— What you have to do —
Copy out the lines of the records below, and only those lines, from the one with "Genuine leather bracelets" through the one with "RBG Notorious Logo", exactly as they appear.

— Source data —
***

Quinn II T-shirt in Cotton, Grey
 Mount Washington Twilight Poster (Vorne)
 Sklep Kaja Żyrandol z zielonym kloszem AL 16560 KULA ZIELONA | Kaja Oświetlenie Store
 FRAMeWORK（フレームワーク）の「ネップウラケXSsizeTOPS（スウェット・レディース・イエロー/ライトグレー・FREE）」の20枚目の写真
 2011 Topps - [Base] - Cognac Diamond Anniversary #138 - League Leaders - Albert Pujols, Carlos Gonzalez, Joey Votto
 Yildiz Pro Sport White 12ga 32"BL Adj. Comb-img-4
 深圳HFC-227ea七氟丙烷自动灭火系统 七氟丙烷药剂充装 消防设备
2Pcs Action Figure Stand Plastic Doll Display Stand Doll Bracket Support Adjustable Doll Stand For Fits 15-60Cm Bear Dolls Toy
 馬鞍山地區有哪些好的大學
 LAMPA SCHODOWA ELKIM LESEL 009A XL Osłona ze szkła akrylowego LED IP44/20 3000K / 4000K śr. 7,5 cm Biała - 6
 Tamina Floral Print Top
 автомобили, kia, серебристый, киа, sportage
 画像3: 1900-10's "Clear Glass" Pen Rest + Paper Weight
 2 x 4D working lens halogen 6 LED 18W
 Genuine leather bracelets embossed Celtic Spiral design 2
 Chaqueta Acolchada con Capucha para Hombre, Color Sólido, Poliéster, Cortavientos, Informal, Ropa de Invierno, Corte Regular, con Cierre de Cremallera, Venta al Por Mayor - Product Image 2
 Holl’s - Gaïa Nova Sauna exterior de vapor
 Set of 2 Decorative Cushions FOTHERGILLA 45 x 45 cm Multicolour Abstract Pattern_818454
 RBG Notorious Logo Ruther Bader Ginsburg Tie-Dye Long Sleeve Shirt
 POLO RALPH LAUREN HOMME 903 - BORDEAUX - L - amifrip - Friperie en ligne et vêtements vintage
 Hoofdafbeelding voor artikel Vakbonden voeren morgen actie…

***

— Exercise answer —
 Genuine leather bracelets embossed Celtic Spiral design 2
 Chaqueta Acolchada con Capucha para Hombre, Color Sólido, Poliéster, Cortavientos, Informal, Ropa de Invierno, Corte Regular, con Cierre de Cremallera, Venta al Por Mayor - Product Image 2
 Holl’s - Gaïa Nova Sauna exterior de vapor
 Set of 2 Decorative Cushions FOTHERGILLA 45 x 45 cm Multicolour Abstract Pattern_818454
 RBG Notorious Logo Ruther Bader Ginsburg Tie-Dye Long Sleeve Shirt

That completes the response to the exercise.